INSTRUCTIONS TO FOLLOW —
If a line comes after the one containing "Image similar to", leave it out; copy every line before it, and that line too, exactly as written, starting from the first line of the entries.
[EXERCISE INPUT]
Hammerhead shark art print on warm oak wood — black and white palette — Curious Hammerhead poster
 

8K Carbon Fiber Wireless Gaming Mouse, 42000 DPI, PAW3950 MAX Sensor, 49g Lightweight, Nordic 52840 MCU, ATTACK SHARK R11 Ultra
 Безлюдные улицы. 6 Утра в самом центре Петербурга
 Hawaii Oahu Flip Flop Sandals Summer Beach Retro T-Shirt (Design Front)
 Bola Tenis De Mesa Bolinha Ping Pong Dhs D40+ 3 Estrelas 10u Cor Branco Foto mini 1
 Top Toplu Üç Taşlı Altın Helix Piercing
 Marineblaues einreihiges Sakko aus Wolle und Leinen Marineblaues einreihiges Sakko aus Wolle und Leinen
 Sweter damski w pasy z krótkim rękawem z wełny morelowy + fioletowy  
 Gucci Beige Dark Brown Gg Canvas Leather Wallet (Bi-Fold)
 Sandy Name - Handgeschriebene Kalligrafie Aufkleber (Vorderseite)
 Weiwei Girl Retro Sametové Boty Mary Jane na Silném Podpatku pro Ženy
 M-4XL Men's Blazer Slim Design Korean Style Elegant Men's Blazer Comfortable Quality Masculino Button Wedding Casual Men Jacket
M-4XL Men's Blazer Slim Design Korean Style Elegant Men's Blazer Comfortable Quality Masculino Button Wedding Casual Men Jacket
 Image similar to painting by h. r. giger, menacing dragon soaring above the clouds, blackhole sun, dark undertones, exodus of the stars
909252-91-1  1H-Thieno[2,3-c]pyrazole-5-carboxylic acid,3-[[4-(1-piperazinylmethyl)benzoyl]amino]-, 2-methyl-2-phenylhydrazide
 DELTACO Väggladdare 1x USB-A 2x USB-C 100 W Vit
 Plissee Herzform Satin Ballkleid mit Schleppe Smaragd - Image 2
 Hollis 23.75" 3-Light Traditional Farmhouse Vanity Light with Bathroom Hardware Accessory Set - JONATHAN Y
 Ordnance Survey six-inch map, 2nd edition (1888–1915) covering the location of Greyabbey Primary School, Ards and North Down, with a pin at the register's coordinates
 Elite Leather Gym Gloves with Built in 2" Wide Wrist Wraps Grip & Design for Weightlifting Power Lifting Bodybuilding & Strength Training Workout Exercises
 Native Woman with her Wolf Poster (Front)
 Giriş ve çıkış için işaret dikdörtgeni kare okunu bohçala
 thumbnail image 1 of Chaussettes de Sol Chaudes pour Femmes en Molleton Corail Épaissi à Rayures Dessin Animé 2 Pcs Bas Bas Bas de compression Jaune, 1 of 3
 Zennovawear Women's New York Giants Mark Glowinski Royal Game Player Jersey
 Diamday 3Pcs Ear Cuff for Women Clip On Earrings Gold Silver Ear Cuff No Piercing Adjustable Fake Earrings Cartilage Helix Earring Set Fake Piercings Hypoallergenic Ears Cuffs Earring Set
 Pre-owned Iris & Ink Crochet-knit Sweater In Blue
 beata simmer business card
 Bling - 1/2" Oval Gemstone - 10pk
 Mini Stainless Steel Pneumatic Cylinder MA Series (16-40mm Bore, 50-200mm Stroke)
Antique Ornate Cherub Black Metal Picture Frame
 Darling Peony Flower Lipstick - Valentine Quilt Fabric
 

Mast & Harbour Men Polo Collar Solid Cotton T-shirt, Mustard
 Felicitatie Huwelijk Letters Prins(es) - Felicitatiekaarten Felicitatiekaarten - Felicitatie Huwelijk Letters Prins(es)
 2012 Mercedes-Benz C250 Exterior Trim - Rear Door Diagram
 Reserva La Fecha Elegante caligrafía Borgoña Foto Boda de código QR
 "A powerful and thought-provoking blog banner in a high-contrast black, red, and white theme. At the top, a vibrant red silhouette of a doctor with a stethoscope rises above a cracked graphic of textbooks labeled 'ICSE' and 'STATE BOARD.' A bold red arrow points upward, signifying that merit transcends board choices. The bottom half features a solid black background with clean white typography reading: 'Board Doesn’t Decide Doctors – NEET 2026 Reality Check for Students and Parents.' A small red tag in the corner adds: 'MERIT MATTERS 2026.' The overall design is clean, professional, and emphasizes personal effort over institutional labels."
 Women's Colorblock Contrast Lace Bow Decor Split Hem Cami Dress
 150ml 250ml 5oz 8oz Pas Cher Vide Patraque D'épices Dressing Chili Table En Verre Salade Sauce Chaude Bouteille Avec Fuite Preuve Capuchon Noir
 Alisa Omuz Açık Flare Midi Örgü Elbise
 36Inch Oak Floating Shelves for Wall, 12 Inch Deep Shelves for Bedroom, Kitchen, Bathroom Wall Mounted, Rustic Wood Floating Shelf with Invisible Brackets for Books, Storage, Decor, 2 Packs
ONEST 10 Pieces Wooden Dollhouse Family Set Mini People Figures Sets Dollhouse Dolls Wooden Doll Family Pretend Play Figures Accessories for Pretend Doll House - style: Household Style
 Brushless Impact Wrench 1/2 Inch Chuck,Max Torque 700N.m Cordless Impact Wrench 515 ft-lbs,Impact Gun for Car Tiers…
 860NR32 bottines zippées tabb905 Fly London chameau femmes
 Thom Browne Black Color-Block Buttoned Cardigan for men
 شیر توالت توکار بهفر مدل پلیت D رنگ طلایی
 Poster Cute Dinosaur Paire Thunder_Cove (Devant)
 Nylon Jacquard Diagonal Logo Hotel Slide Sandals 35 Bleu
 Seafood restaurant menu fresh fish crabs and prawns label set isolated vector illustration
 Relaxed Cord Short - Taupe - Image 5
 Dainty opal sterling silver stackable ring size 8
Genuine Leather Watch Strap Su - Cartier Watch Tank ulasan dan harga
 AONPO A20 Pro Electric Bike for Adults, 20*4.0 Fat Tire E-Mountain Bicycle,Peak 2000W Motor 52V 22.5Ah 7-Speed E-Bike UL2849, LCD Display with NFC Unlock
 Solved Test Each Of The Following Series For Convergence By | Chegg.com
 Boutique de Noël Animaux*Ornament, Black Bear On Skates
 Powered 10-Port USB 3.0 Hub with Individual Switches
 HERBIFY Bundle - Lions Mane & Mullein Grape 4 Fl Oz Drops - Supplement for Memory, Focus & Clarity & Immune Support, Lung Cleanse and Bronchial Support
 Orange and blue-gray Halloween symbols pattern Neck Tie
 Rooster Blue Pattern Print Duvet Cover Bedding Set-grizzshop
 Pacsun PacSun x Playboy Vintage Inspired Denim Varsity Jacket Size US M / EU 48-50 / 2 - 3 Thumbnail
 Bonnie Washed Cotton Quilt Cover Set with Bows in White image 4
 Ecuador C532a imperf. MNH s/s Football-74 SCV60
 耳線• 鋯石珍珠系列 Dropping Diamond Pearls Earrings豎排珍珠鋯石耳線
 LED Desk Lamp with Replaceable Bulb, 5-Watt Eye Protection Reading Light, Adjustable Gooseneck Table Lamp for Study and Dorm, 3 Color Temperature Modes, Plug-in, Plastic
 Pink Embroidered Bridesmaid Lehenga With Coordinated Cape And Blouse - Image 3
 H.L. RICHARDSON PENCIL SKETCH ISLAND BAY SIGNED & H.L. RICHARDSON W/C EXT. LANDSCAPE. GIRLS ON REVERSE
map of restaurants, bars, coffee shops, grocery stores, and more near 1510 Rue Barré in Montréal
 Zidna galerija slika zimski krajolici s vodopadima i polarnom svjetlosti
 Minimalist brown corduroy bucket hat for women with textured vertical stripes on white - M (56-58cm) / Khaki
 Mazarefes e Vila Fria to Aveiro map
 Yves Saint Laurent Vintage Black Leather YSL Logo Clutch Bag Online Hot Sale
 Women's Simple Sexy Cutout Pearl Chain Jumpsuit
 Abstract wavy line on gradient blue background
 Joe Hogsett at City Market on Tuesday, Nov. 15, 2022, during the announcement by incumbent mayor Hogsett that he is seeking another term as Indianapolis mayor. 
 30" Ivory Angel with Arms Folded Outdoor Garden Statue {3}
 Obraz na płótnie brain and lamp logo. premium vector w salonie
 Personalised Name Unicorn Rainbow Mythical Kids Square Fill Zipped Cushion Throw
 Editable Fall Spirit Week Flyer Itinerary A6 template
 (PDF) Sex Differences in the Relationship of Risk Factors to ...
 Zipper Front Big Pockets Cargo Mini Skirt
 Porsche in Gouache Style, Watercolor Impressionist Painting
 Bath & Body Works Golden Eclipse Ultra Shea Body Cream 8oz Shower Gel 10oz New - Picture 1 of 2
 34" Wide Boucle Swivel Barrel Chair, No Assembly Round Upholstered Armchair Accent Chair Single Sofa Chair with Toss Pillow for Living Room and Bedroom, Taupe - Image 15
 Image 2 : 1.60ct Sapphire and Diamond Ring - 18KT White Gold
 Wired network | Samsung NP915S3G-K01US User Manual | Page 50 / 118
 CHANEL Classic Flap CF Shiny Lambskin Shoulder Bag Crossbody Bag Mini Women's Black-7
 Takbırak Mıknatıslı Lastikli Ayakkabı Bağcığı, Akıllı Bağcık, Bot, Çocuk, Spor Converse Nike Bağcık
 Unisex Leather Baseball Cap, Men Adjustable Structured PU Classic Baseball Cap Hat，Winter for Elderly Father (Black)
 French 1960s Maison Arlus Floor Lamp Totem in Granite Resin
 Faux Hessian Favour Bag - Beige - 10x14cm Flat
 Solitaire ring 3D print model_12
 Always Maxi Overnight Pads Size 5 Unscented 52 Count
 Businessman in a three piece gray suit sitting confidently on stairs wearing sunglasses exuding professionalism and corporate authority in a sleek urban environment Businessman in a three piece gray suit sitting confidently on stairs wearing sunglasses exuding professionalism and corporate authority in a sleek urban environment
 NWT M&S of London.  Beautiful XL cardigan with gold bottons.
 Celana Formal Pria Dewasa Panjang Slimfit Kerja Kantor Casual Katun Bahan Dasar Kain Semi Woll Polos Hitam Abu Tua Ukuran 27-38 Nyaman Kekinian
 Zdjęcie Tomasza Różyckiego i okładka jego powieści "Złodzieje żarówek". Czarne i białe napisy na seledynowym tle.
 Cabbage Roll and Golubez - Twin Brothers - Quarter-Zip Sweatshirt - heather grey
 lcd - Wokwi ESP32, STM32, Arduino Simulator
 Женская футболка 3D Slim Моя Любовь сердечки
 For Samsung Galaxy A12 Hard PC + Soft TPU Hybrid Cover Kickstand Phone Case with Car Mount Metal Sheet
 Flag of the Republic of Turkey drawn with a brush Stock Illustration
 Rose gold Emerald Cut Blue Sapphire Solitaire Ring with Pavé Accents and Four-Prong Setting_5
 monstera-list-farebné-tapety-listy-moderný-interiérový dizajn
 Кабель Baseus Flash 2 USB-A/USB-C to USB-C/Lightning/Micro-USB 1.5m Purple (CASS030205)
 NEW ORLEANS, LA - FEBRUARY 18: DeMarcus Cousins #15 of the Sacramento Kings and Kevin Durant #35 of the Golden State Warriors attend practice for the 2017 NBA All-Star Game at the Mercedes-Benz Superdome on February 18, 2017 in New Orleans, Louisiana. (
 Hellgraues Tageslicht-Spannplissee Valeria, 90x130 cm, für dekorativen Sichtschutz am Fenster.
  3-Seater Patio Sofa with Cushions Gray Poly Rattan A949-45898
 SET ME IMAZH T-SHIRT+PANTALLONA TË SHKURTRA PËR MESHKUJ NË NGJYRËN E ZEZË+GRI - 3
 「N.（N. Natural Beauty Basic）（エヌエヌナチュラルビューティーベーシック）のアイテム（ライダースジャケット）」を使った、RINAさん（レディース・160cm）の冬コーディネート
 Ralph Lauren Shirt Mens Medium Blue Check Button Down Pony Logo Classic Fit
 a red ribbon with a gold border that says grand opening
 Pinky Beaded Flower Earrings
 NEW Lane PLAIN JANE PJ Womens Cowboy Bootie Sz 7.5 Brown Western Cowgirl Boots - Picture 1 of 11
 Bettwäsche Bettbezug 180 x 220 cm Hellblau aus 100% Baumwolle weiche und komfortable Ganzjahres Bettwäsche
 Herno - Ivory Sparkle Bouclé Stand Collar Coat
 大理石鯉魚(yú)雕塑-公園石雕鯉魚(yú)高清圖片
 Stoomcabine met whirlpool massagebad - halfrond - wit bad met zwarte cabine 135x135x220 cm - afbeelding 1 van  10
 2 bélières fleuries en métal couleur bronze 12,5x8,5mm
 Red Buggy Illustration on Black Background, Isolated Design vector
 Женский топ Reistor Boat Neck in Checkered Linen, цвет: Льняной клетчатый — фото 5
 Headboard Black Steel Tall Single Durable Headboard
[/EXERCISE INPUT]
SOLUTION TO THE EXERCISE —
Hammerhead shark art print on warm oak wood — black and white palette — Curious Hammerhead poster
 

8K Carbon Fiber Wireless Gaming Mouse, 42000 DPI, PAW3950 MAX Sensor, 49g Lightweight, Nordic 52840 MCU, ATTACK SHARK R11 Ultra
 Безлюдные улицы. 6 Утра в самом центре Петербурга
 Hawaii Oahu Flip Flop Sandals Summer Beach Retro T-Shirt (Design Front)
 Bola Tenis De Mesa Bolinha Ping Pong Dhs D40+ 3 Estrelas 10u Cor Branco Foto mini 1
 Top Toplu Üç Taşlı Altın Helix Piercing
 Marineblaues einreihiges Sakko aus Wolle und Leinen Marineblaues einreihiges Sakko aus Wolle und Leinen
 Sweter damski w pasy z krótkim rękawem z wełny morelowy + fioletowy  
 Gucci Beige Dark Brown Gg Canvas Leather Wallet (Bi-Fold)
 Sandy Name - Handgeschriebene Kalligrafie Aufkleber (Vorderseite)
 Weiwei Girl Retro Sametové Boty Mary Jane na Silném Podpatku pro Ženy
 M-4XL Men's Blazer Slim Design Korean Style Elegant Men's Blazer Comfortable Quality Masculino Button Wedding Casual Men Jacket
M-4XL Men's Blazer Slim Design Korean Style Elegant Men's Blazer Comfortable Quality Masculino Button Wedding Casual Men Jacket
 Image similar to painting by h. r. giger, menacing dragon soaring above the clouds, blackhole sun, dark undertones, exodus of the stars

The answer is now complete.